Задача (Саларёв)/ВЕ 1816 (ДО)

Задача
авторъ Сергей Гаврилович Саларёв
Опубл.: 1815. Источникъ: az.lib.ru

Задача (*).

(*) Сія задача предложена въ засѣданіи Общества Любителей Россійской Словесности, при Императорскомъ Московскомъ Университетѣ учрежденнаго, которое охотно приметъ отвѣты на оную и отъ постороннихъ сочинителей. Рдр.

Въ прежнихъ засѣданіяхъ Общества Любителей Россійской Словесности я имѣлъ честь представить три вопроса касательно древней и новой трагедіи, на которые читанъ былъ отвѣть покойнымъ Дѣйствительвымъ Членомъ Петромъ Алексѣевичемъ Плавильщиковымъ; Докторъ Меркель также написалъ свое мнѣніе относительно сихъ вопросовъ въ издаваемой имъ Рижской ученой газетѣ, которое было переведено и напечатано въ Вѣстникѣ Европы 1812 года.

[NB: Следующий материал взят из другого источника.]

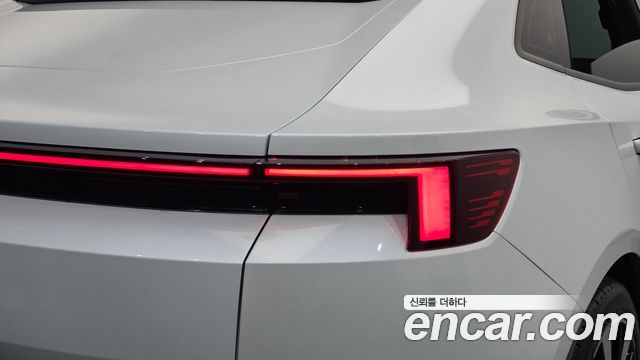 Polestar Polestar 4 2026 — photo 9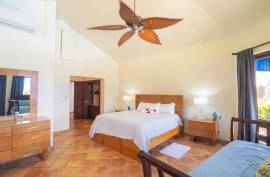 Luxuriously Chic With Amazing Ocean Views Luxuriously Chic With Amazing Ocean Views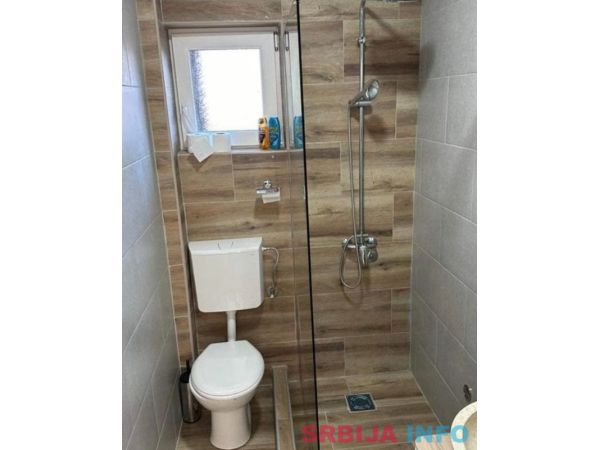 EKSKLUZIVNA PRODAJA-polovina vile sa 2 apartmana u centru Mataru&scaron;ke Banje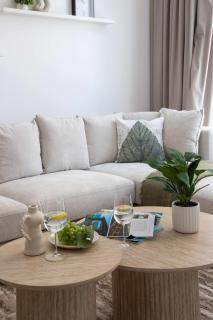 Frank Porter - Uniestate Supreme Residence - 5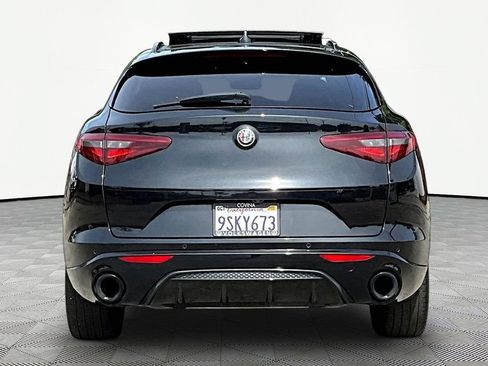 Used 2023 Alfa Romeo Stelvio Veloce AWD/4WD image 5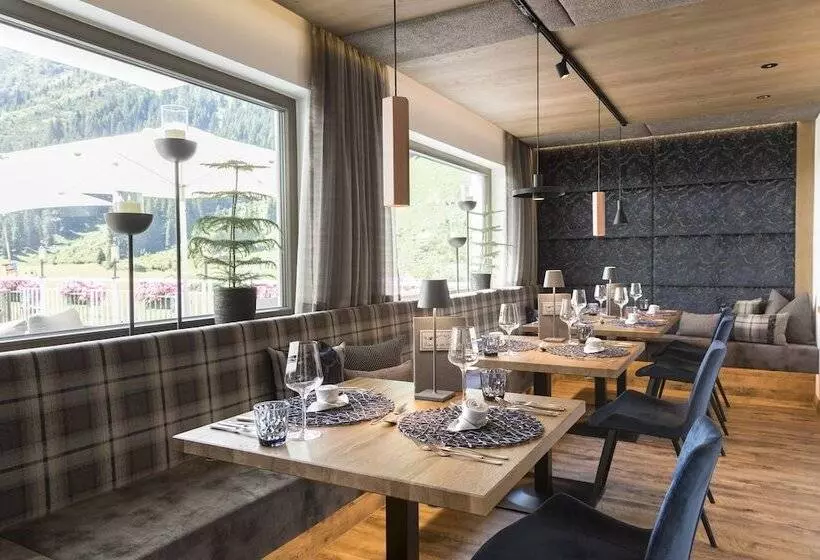 Отель Sonnblick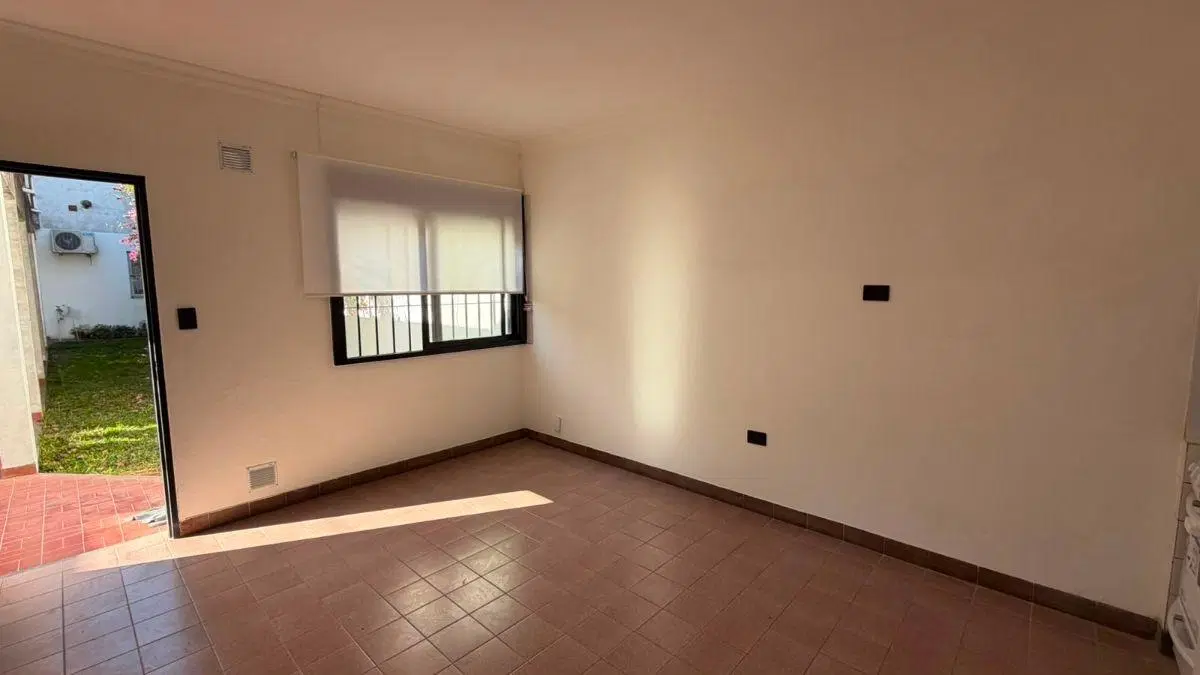PH de 1 dormitorio al frente en venta 5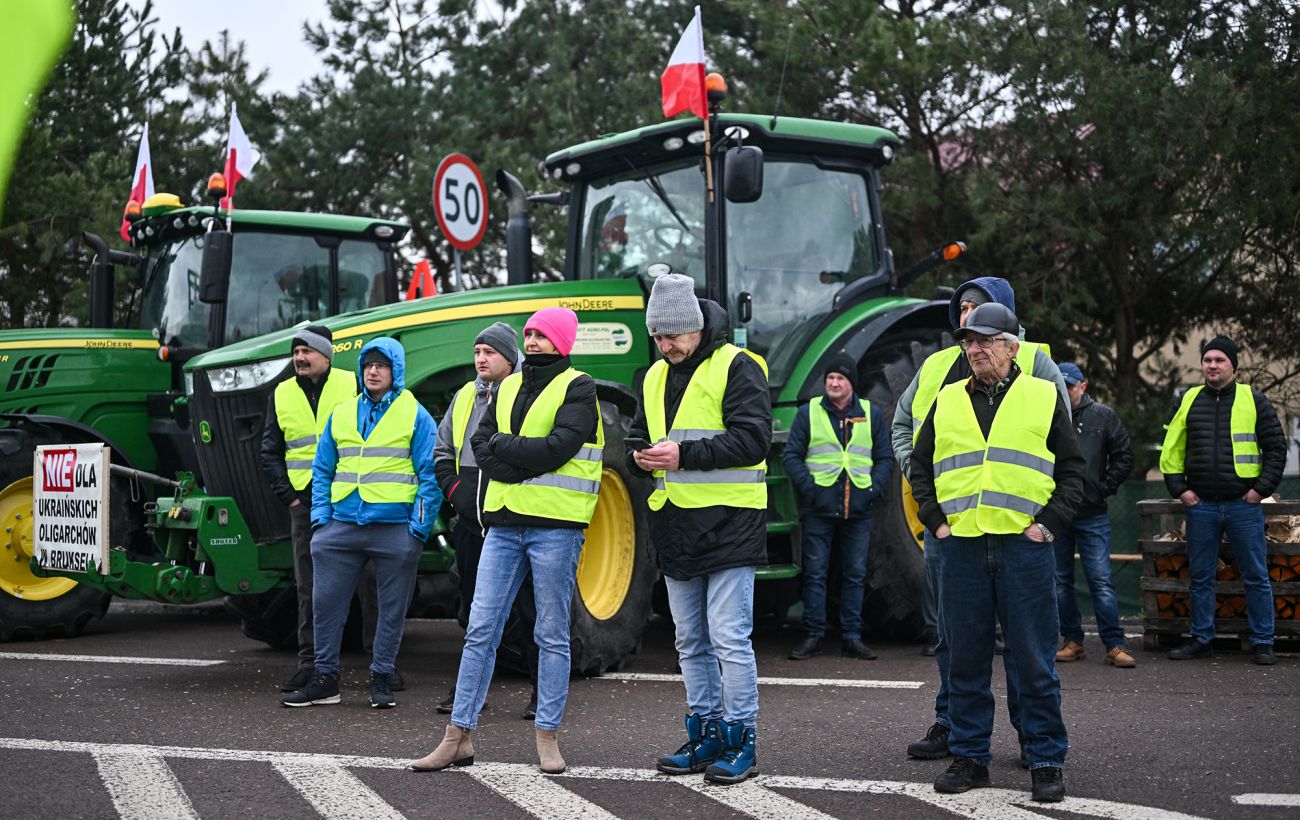 Польські протестувальники тимчасово припинили блокування одного з пунктів пропуску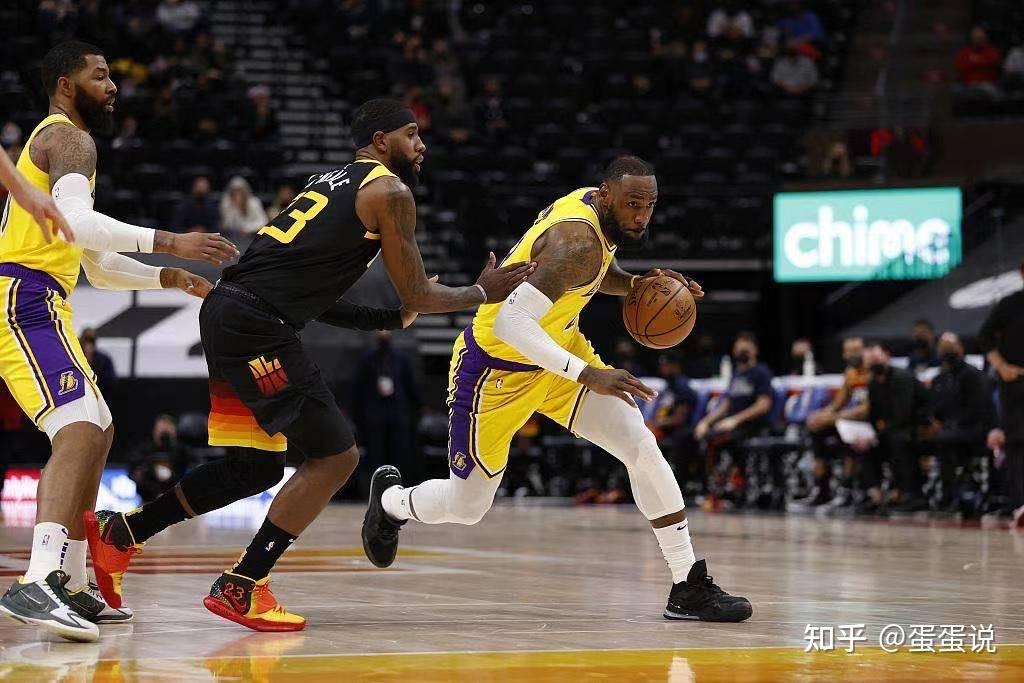  关于箍筋末段的弯钩形式设计要求 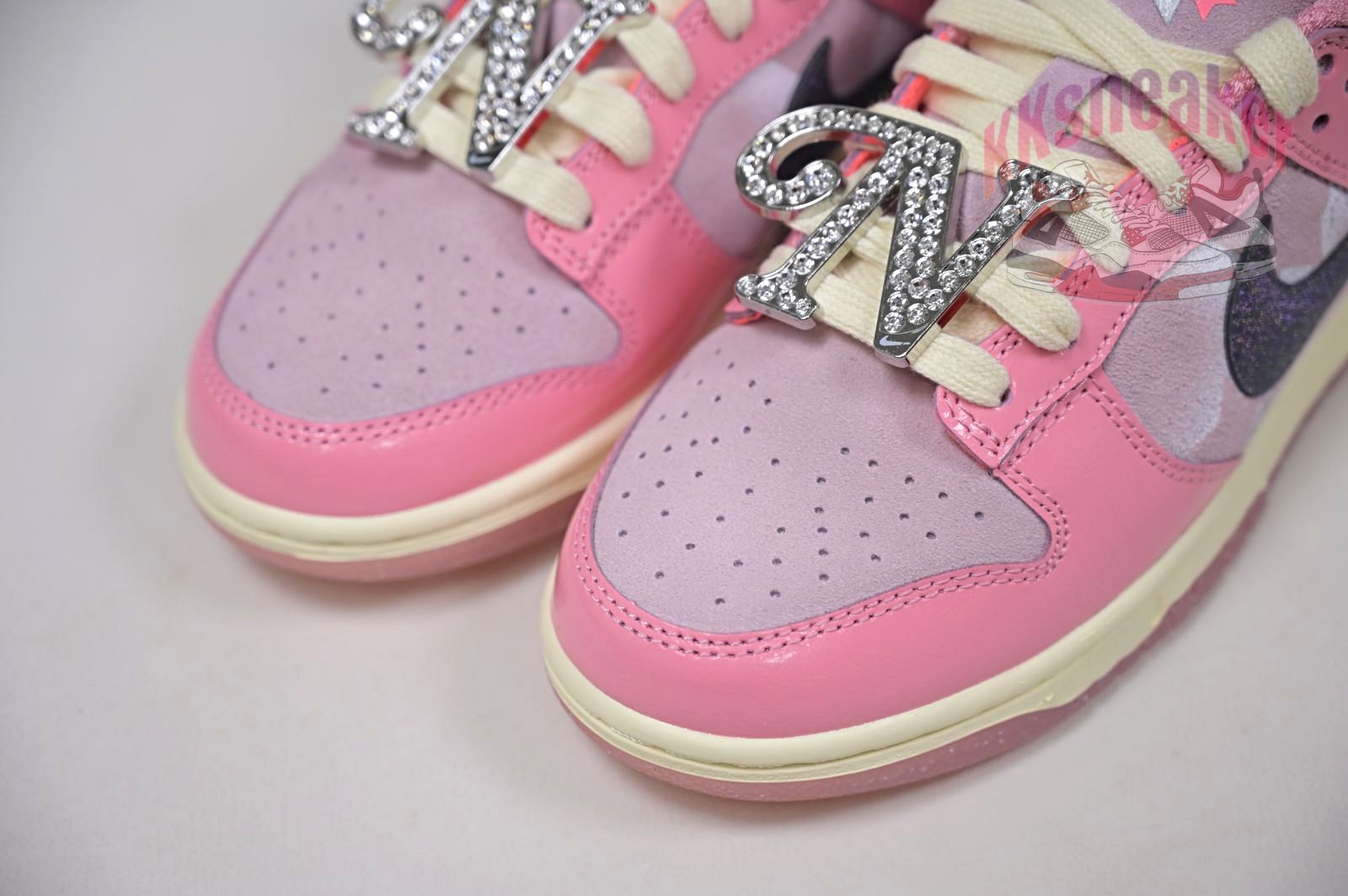 Nike Dunk Low"Hot Punch and PinkFoam" barbie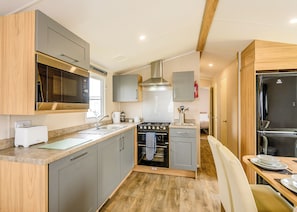 Fridge, oven, stovetop, toaster
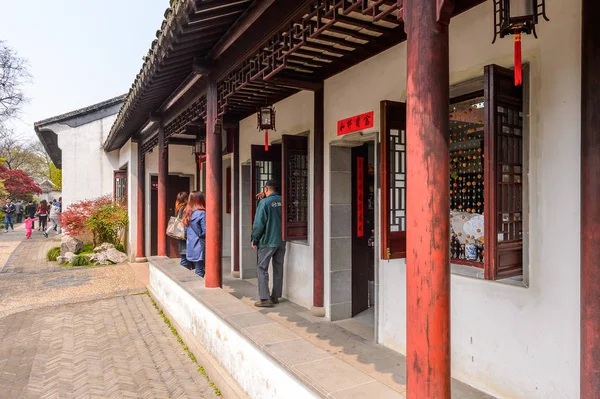 Suzhou, Çin - Nis 1, 2016: Mütevazı Yönetici Bahçesi, Suzhou bir Çin bahçesi, Unesco Dünya Mirası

Теперь я принимаю смѣлость предложить почтеннѣйшему Обществу еще одинъ вопросъ, также относящійся къ трагедіи: Не оказалось ли бы въ трагедіяхъ болѣе успѣховъ, если бы онѣ писаны были прозою?

По чему трагедіи пишутся въ стихахъ? По введенному обыкновенію подражать древнимъ. Но у древнихъ такоели было назначеніе трагедіи, какое имѣетъ трагедія нынѣшнихъ писателей? Въ Греціи трагедію представляли въ торжественные дни, или послѣ одержанной побѣды, или въ воспоминаніе какого нибудь знаменитаго происшествія, или въ честь божеству; тогда сочинители не столько старались убѣдить разумъ и тронуть сердце зрителей, сколько обворожить ихъ чувства: для сего-то употреблялись великолѣпные амфитеатры, богатыя украшенія, огромный хоръ и стихи, музыкою сопровождаемые; весь театральный разговоръ положенъ былъ на ноты; дѣйствующія лица не говорили, но пѣли; передъ зрителями представляемы были происшествія отечественныя, знакомыя имъ не только по преданію, но по собственному ихъ участію въ сихъ происшествіяхъ,

Древніе необходимо должны были писать въ стихахъ свои трагедіи, ибо драматическій разговоръ, положенный на ноты и сопровождаемый музыкою, пѣтъ былъ дѣйствующими лицами и требовалъ мѣрной рѣчи; у насъ выходитъ совсѣмъ напротивъ: хоры вывелись изъ употребленія, или очень рѣдко употребляются; маски не надѣваются болѣе; самый ходъ театральныхъ зрѣлищъ перемѣнился, и дѣйствующія лица на театрѣ нашемъ не поютъ уже, но разговариваютъ: слѣдовательно нынѣшнія театральныя представленія могутъ обойтись безъ мѣрной рѣчи, бывшей необходимою для пѣнія, вышедшаго нынѣ изъ употребленія.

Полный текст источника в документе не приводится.